Data shown.
==================================================
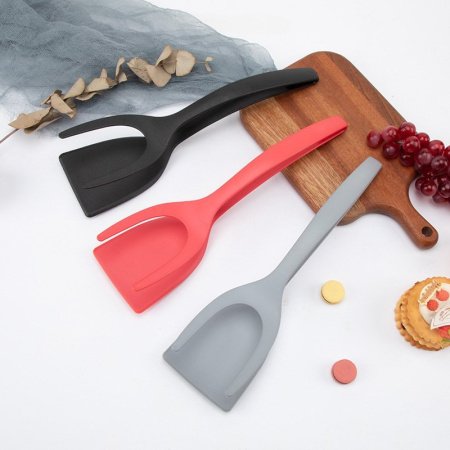 Нейлоновая лопатка для жареного мяса фотография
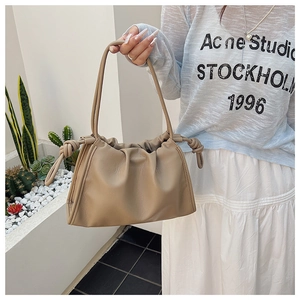Detail of khaki pleated cloud bag with soft leather texture and stylish knot accents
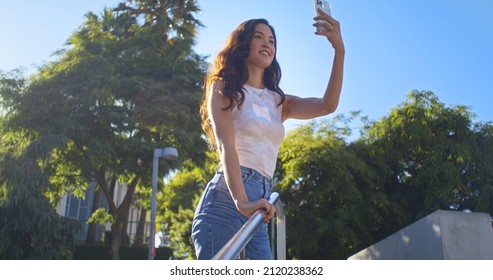 Cheerful active woman rising stairs making photo beautiful city park. Happy asian lady using modern smartphone to take picture cityscape. Attractive girl tourist enjoy photographing outdoors.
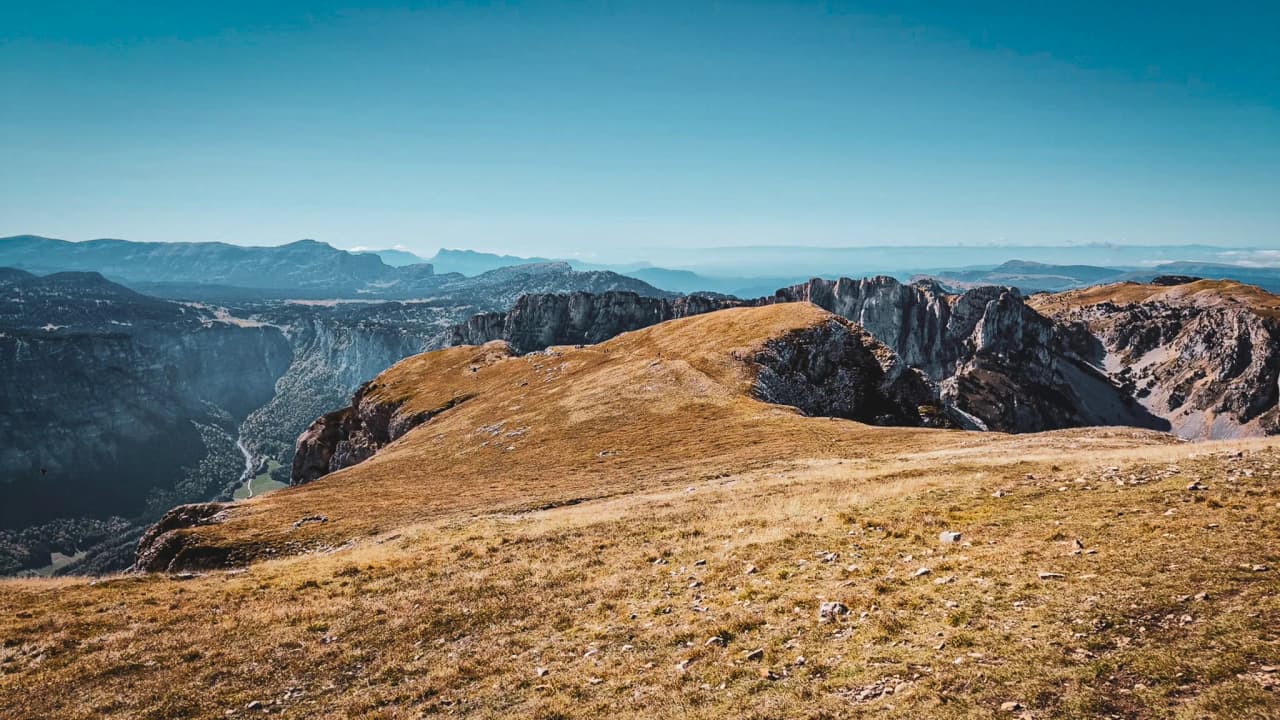 Panoramic view of Mont Aiguille, overlooking a spectacular, serene Alpine landscape.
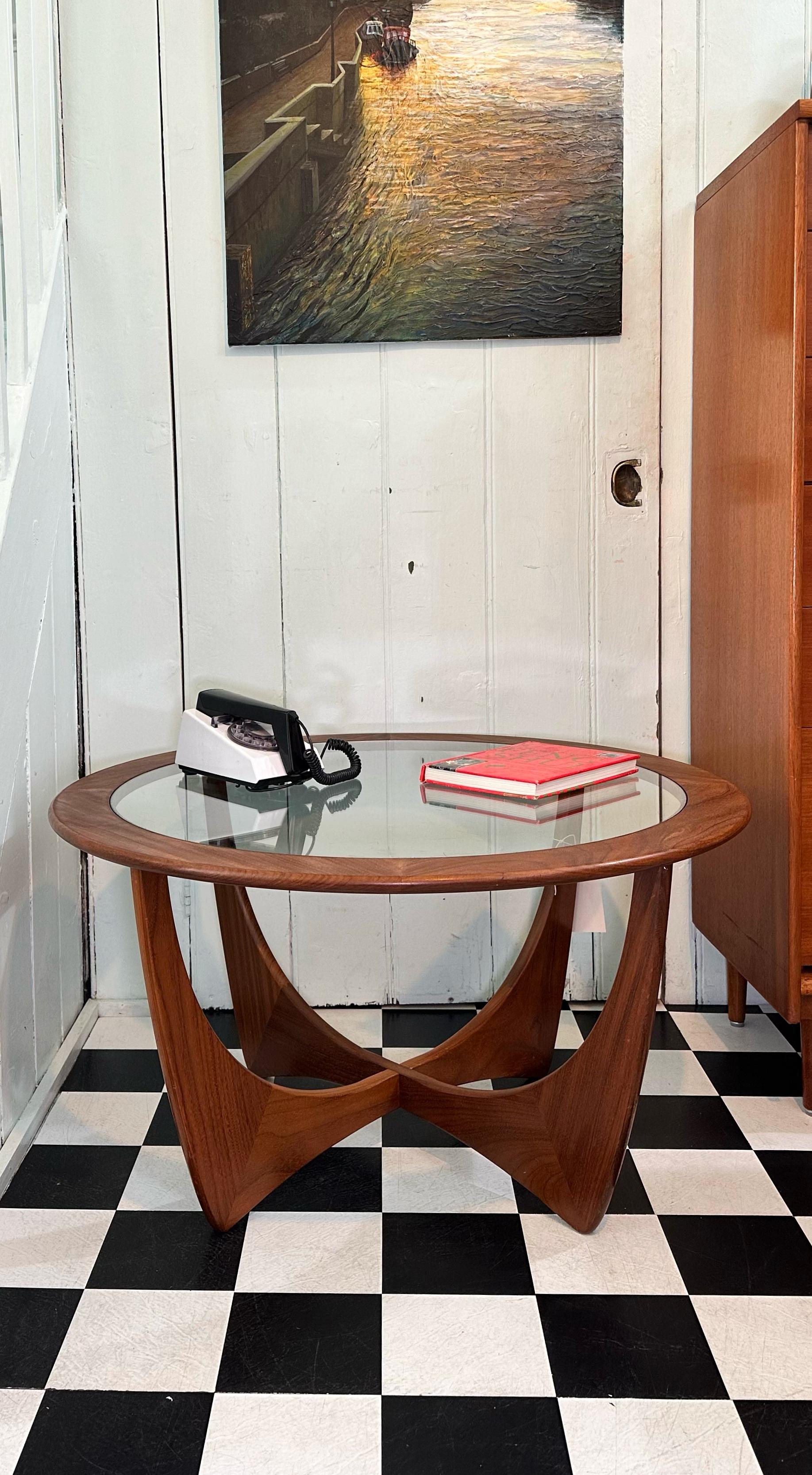 This iconic G Plan Astro table was designed by Victor Wilkins in the 1960s.

Made from solid teak with glass insert in the middle. This is a truly stunning piece with beautiful golden grain and sleek curved lines.

The table is in excellent vintage
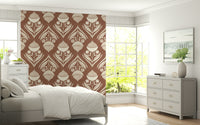 Earthy floral echo wallpaper featuring cream botanical motifs on a rich terracotta brown background
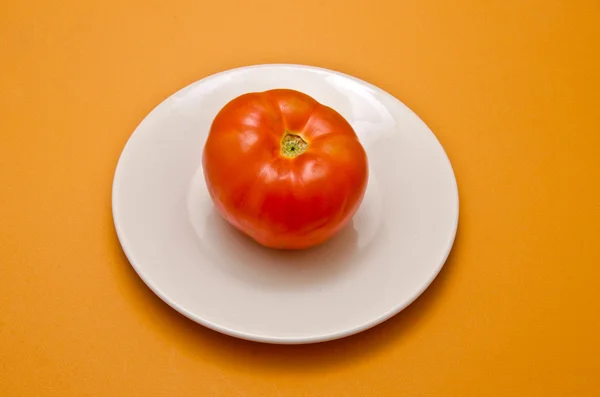 Белая тарелка с помидорами — стоковое фото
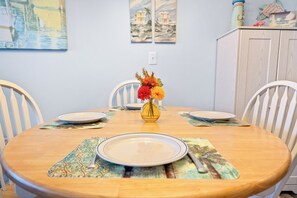 Ein Esstisch mit Platzsets, Tellern und einer Blumenvase.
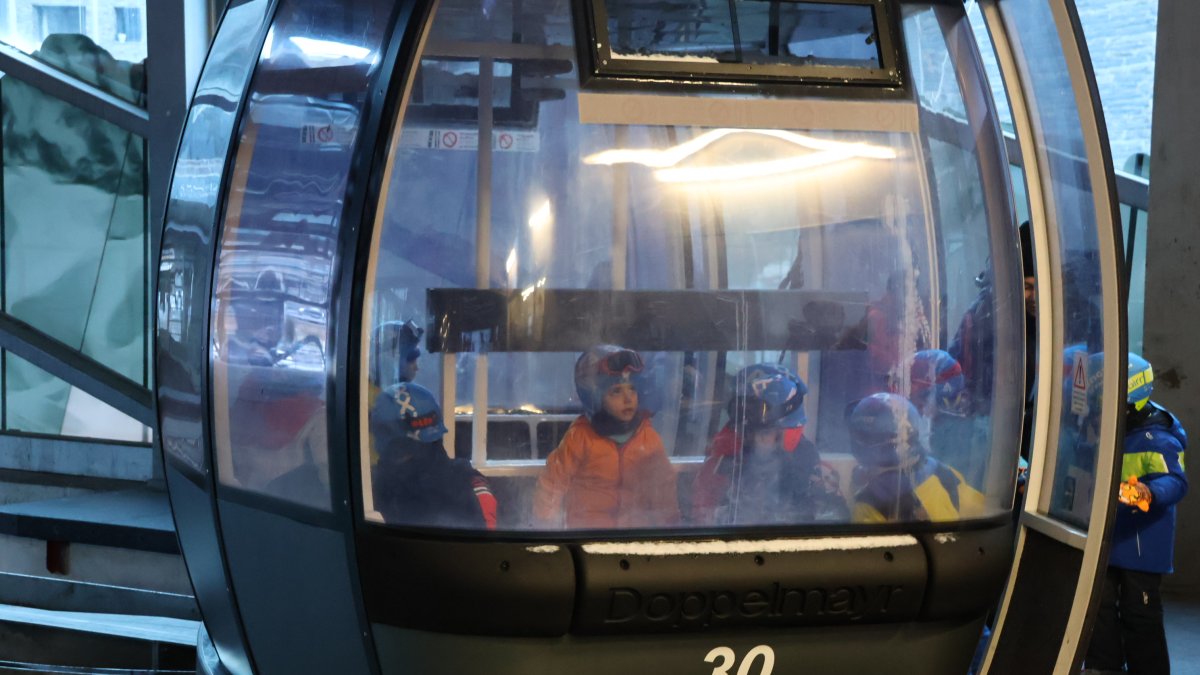 Alguns dels infants de l'escola de neu pujant al telecabina.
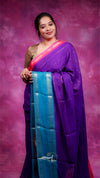 Woman wearing a purple saree with a pink blouse against a pink background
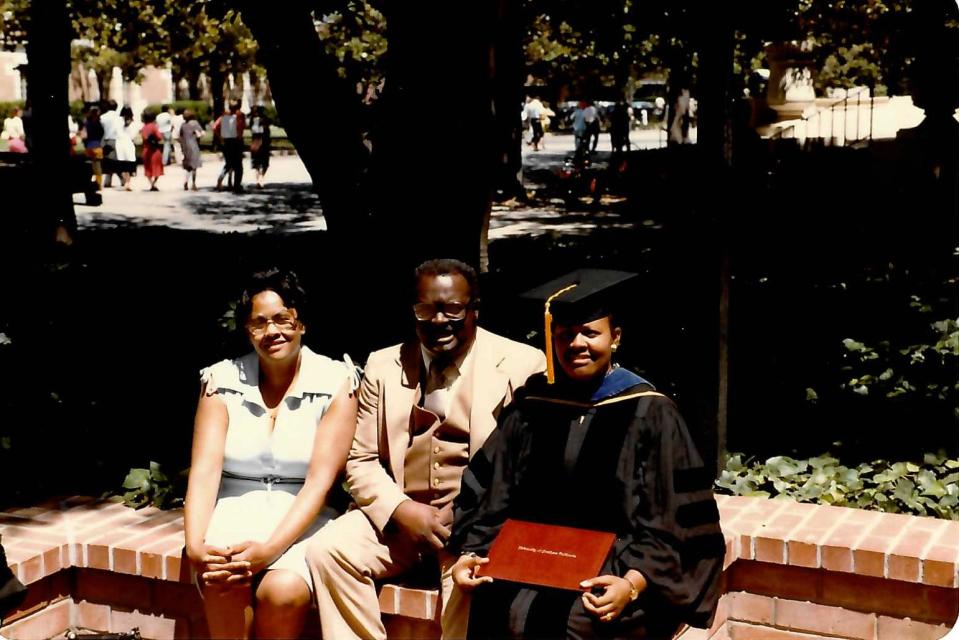 Earnest McEwen Jr., his wife, Mildred Blackmon McEwen, and their daughter Gloria after her doctoral graduation at the University of Southern California.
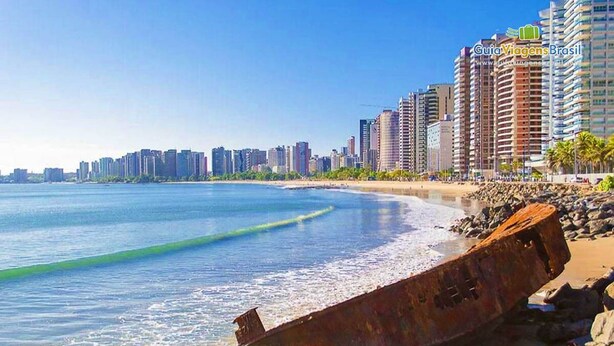 Un paisaje urbano costero con un destacado pecio oxidado en la playa, edificios altos y aguas azul turquesa.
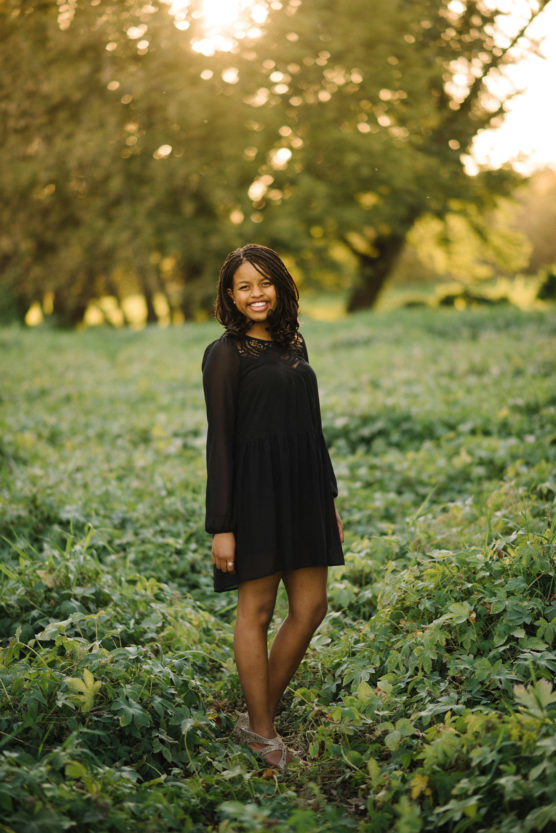 A young woman in a black dress stands smiling in a green field with tall trees and sunlight filtering through the leaves in the background. by Justin Salem Meyer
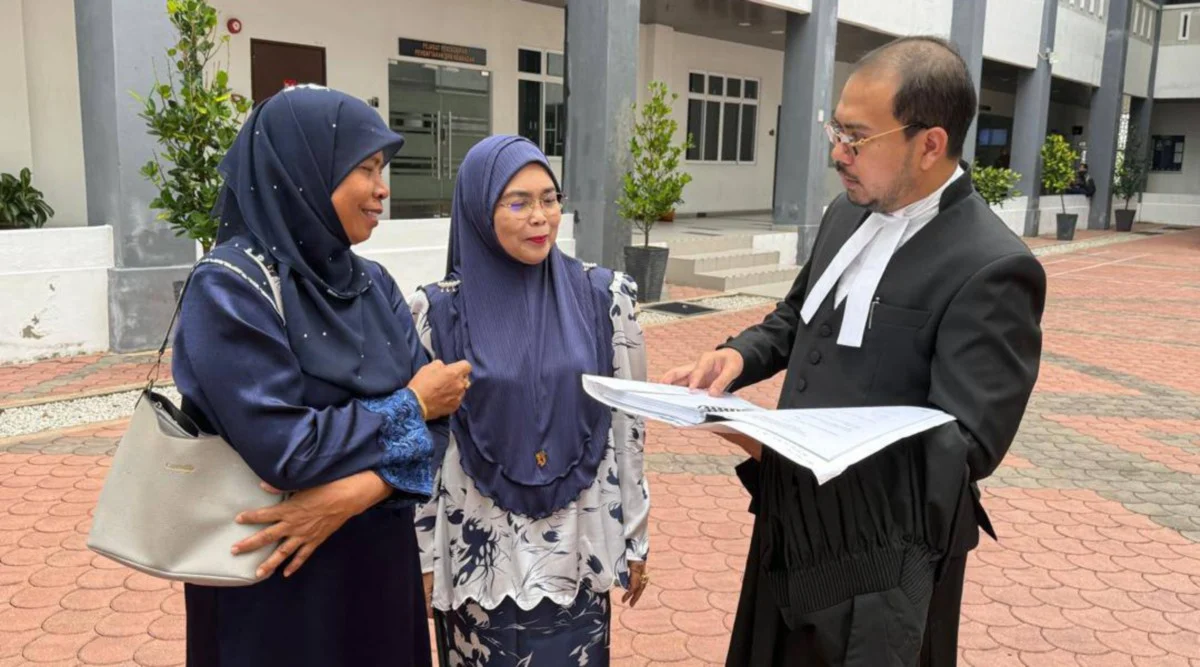 two women with their lawyer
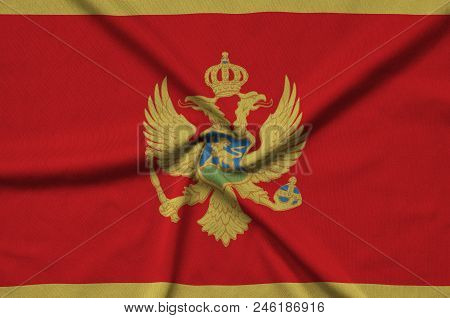 Montenegro Flag  Is Depicted On A Sports Cloth Fabric With Many Folds. Sport Team Waving Banner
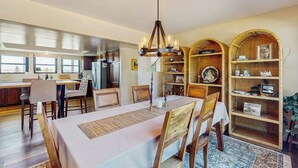 Comedor con una mesa dispuesta para cuatro, una araña y una cocina al fondo.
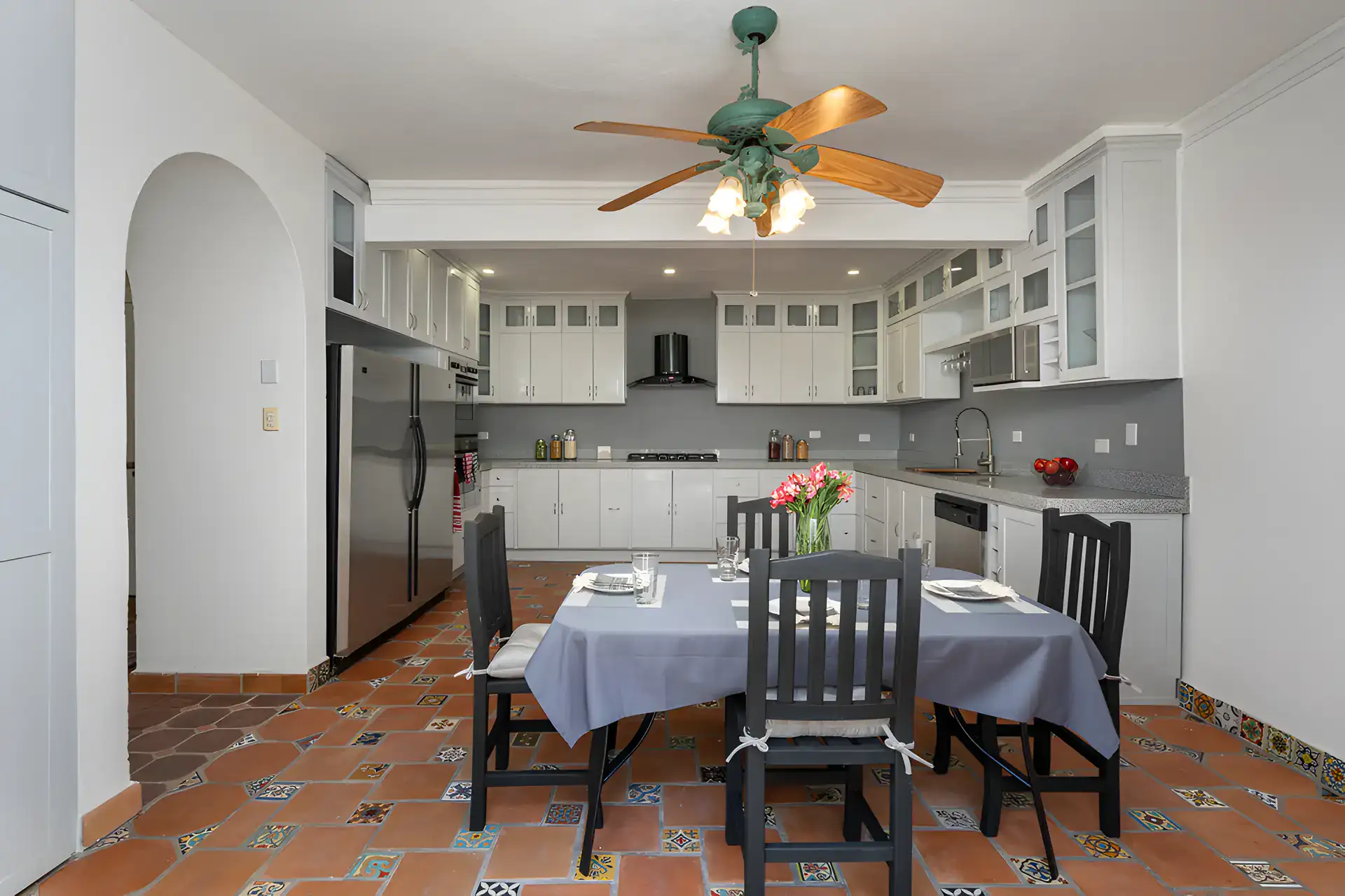 Villa Escondida, kitchen and dining table with a stainless refrigerator and a ceiling fan, San Miguel de Allende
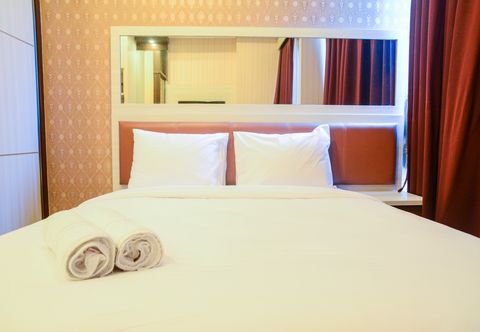 침실 Comfortable Studio at Capitol Park Apartment By Travelio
==================================================
Assignment. Pictures stay out of this copy. Retype exactly the lines from the one with "Villa Escondida, kitchen" through the last line of the data, both ends included, and nothing more.

Your response.
 Villa Escondida, kitchen and dining table with a stainless refrigerator and a ceiling fan, San Miguel de Allende
 침실 Comfortable Studio at Capitol Park Apartment By Travelio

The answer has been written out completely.